It appears the drama surrounding troubled Hollywood film studio the Weinstein Company may finally be reaching its conclusion.
Amid an unprecedented year which saw the company fire one of its founders, Harvey Weinstein, just days after an extensive New York Times article highlighted numerous sexual harassment accusations, the company will reportedly be sold for under $500 million to one of a handful of bidders.
As reported by the Wall Street Journal, shareholders could potentially lose all equity in the company due to the selling price in addition to recent company flops and legal costs. The Weinstein Company has also reportedly racked up over $500 million in debt, so at this point it remains unclear if prospective buyers will move to buy the rights to Weinstein Co’s content and titles, or buy the company outright.
While the film studio has not produced many meaningful titles in the last few months, most of famed director Quentin Tarantino’s recent projects including The Hateful Eight, Django and Inglorious Bastards have been produced through the company and serve as some of the better movies over the last decade.
Tarantino has publicly expressed regret in regard to the storm surround Harvey Weinstein, stating “I knew enough to do more than I did… I knew he did a couple of these things.”

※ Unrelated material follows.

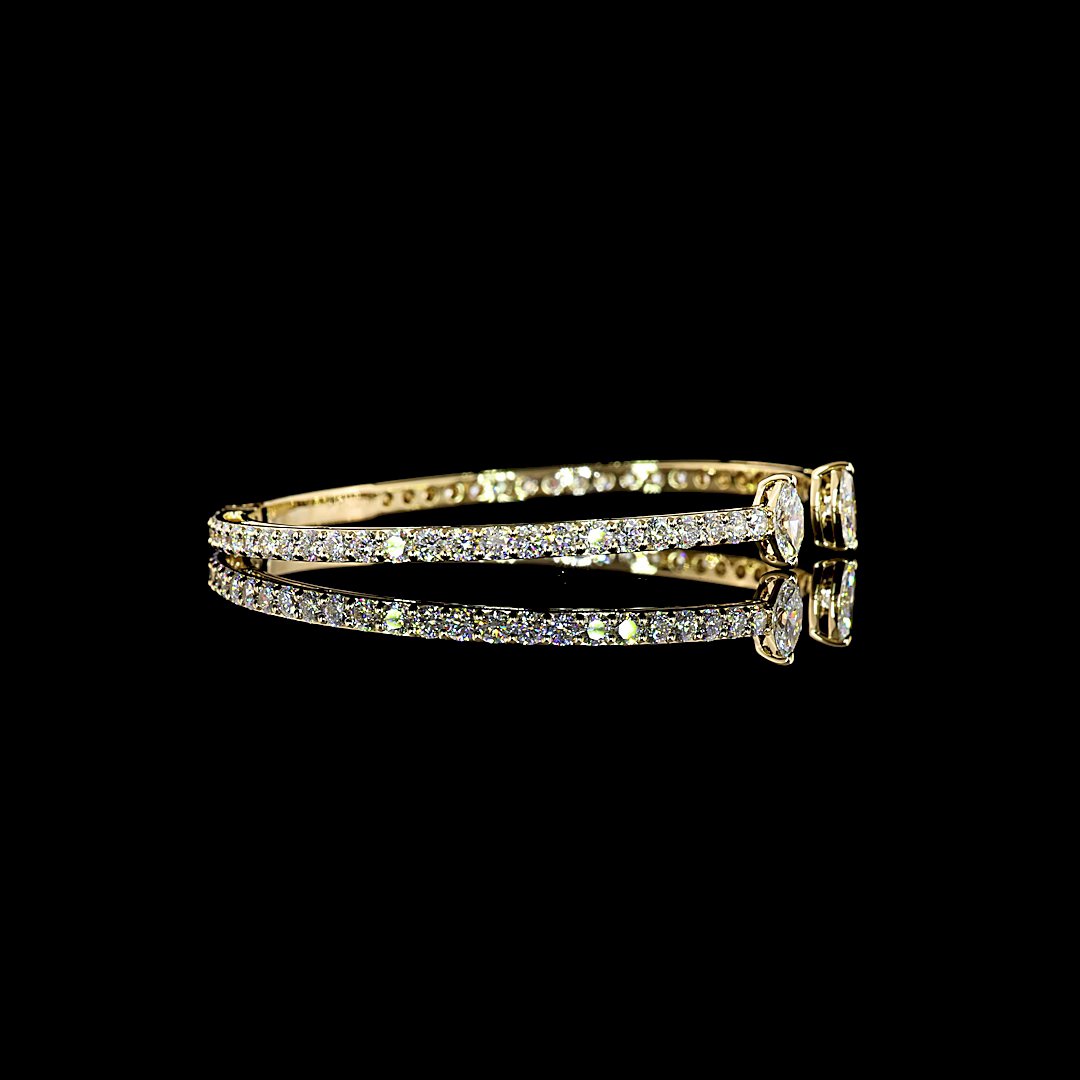 14kt Yellow Gold Lab Diamond Bangle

Among the bidders for the film studio are entertainment company Lionsgate, as well as Killer Content, the parent company of Killer Films, an indie film studio.
Films that have been cancelled in the wake of the company’s troubles include the highly anticipated film adaptation of the novel Forgive Me Leonard Peacock. Starring Channing Tatum, the plot follows a young male who encounters his own struggles with sexual abuse and its aftermath.